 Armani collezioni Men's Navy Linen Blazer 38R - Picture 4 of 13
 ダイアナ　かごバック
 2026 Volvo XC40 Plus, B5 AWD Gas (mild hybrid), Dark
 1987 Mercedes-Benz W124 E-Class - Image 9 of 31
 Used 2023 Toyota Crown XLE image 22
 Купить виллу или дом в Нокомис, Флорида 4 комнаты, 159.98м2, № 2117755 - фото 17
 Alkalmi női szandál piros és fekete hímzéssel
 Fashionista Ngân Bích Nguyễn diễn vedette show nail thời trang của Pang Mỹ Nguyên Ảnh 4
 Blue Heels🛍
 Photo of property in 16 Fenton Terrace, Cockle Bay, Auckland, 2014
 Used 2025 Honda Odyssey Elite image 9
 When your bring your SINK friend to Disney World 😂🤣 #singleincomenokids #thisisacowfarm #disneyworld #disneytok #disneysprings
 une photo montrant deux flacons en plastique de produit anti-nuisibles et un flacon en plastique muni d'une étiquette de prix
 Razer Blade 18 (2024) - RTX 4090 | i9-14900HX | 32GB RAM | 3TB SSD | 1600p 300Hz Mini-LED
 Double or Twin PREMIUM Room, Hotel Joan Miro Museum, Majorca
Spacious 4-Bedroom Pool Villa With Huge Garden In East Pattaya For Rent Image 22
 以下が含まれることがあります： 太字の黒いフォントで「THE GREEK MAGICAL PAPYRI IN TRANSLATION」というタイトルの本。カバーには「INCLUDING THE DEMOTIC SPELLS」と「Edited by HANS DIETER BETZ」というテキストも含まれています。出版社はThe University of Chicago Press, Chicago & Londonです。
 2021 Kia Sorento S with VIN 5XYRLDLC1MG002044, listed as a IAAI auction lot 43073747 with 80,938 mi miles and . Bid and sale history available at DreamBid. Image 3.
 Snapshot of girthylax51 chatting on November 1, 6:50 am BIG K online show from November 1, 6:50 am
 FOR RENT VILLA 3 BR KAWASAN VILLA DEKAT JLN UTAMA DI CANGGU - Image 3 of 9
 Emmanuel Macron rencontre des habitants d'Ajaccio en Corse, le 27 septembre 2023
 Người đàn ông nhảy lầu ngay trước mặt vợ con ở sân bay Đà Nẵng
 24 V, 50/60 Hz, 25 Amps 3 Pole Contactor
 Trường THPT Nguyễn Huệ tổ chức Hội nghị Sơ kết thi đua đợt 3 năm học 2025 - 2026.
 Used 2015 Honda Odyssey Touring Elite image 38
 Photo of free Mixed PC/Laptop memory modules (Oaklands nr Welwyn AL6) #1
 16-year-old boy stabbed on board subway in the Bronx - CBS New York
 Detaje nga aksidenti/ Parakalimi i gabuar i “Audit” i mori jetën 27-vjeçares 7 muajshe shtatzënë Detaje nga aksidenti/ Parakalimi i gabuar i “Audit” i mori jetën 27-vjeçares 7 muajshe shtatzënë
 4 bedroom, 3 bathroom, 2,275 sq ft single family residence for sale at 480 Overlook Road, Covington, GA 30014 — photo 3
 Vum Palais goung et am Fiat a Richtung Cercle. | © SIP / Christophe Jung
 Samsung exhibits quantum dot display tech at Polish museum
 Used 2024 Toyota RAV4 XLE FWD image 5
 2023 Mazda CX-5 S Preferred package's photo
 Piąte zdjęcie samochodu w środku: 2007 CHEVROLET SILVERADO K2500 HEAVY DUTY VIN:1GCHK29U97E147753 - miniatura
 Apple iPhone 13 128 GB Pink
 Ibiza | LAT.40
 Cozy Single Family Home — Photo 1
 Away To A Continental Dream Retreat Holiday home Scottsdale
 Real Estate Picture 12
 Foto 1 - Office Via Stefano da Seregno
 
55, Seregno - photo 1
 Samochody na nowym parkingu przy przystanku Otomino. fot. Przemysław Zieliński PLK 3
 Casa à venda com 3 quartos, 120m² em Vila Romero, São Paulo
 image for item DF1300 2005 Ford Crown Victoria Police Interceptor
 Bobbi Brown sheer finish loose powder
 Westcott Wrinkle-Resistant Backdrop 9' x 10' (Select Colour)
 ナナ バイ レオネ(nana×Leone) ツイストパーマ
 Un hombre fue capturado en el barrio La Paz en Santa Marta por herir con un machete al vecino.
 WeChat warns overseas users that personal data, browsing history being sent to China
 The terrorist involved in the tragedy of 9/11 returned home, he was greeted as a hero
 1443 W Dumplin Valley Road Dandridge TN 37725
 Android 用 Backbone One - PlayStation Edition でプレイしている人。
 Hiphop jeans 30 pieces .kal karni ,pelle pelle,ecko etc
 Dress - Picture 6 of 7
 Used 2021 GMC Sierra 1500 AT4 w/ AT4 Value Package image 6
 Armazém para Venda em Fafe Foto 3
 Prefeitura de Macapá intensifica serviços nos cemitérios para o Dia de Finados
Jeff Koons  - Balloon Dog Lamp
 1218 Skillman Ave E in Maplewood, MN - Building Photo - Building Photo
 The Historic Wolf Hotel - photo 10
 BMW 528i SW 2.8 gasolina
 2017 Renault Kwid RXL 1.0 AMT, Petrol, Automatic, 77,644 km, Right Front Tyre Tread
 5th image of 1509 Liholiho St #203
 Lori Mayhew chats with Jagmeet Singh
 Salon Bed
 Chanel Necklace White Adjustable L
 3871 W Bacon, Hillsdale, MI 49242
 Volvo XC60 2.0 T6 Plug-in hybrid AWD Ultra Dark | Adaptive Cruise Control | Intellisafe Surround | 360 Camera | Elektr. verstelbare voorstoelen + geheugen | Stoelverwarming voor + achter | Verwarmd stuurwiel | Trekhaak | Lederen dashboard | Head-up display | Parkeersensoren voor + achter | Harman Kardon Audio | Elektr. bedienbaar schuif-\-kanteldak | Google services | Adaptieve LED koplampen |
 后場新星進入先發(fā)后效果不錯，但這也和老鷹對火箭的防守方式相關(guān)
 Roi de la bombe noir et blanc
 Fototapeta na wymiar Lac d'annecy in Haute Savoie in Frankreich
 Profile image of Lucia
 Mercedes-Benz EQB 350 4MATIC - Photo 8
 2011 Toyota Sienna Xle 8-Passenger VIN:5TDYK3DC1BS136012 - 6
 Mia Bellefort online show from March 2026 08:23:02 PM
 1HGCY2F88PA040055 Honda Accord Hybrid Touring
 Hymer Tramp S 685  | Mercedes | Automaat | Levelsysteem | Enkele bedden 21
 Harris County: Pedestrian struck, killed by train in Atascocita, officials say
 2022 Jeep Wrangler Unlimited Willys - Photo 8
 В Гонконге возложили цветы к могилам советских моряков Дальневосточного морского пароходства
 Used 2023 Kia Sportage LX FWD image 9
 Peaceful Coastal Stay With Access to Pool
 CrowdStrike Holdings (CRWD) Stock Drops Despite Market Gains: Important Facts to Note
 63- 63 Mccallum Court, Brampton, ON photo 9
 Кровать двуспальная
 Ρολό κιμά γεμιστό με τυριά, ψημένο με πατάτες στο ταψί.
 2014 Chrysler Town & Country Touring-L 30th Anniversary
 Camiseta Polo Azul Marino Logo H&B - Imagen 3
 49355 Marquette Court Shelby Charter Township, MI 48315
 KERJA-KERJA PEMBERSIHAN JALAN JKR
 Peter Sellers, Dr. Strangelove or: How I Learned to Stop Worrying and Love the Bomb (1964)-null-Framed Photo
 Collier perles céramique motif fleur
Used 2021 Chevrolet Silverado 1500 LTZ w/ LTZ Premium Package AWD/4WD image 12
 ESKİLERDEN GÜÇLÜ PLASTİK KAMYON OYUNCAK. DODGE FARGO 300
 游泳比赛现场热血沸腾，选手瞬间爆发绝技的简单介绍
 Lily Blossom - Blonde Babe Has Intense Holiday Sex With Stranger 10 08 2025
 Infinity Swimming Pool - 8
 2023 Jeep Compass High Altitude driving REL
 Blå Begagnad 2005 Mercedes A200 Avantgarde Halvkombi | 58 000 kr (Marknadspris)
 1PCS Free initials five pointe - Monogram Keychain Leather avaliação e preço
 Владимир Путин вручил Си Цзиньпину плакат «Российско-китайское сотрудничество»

- _TASK GOAL_:
Using the entries above, give again exactly the lines from the line holding "Hymer Tramp S" through the line holding "Кровать двуспальная". Include both end lines and nothing else.

- _RESULT OF THE EXERCISE_:
 Hymer Tramp S 685  | Mercedes | Automaat | Levelsysteem | Enkele bedden 21
 Harris County: Pedestrian struck, killed by train in Atascocita, officials say
 2022 Jeep Wrangler Unlimited Willys - Photo 8
 В Гонконге возложили цветы к могилам советских моряков Дальневосточного морского пароходства
 Used 2023 Kia Sportage LX FWD image 9
 Peaceful Coastal Stay With Access to Pool
 CrowdStrike Holdings (CRWD) Stock Drops Despite Market Gains: Important Facts to Note
 63- 63 Mccallum Court, Brampton, ON photo 9
 Кровать двуспальная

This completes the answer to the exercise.